[Data for processing]
· · · ·

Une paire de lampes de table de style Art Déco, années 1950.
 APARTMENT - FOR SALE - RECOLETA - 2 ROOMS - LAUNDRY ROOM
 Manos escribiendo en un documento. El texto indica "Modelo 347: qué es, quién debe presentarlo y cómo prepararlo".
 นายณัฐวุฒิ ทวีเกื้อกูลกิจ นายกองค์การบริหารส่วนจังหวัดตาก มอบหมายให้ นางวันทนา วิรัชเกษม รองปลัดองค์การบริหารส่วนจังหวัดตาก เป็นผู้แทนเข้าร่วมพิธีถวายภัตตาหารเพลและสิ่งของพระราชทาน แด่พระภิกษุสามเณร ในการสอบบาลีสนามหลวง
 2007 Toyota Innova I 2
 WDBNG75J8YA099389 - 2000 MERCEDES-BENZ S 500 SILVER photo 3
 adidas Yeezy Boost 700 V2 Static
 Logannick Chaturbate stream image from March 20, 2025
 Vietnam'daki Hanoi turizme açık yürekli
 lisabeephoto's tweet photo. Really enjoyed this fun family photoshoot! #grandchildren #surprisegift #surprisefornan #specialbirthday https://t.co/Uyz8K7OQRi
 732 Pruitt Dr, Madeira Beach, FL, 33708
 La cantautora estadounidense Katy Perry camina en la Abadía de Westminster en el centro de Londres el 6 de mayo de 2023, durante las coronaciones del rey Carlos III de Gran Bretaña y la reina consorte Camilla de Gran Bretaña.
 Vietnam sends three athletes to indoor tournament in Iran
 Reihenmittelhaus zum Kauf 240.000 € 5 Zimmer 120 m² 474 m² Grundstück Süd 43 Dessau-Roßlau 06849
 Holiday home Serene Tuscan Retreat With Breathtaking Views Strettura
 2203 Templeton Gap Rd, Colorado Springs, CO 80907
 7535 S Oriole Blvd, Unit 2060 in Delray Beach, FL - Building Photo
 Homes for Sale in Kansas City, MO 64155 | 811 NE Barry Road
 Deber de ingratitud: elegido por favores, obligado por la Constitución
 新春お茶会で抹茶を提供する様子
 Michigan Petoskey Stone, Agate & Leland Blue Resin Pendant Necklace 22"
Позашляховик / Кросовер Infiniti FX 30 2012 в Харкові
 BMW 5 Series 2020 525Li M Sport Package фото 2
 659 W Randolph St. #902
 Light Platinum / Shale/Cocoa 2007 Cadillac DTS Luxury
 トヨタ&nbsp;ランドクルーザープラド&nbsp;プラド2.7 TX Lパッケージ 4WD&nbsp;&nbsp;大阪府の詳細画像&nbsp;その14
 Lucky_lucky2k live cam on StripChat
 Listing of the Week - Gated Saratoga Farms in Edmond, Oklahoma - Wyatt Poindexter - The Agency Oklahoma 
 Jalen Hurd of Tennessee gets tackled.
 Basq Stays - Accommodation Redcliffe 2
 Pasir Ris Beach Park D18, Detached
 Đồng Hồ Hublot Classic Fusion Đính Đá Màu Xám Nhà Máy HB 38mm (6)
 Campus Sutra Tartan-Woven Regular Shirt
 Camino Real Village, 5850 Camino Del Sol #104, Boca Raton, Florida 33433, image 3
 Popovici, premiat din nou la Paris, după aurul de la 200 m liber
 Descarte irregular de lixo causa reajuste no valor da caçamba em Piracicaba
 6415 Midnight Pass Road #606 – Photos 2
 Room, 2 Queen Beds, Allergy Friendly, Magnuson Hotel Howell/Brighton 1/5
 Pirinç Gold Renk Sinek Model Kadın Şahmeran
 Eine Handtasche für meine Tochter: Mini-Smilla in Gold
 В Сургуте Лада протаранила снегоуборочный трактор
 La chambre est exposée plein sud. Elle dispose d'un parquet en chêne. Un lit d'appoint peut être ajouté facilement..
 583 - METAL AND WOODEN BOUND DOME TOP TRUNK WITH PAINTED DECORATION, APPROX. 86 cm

· · · ·

[Your assignment] What belongs in the answer is each line of the listing that contains the word "Beach".

[Result]
 732 Pruitt Dr, Madeira Beach, FL, 33708
 7535 S Oriole Blvd, Unit 2060 in Delray Beach, FL - Building Photo
 Pasir Ris Beach Park D18, Detached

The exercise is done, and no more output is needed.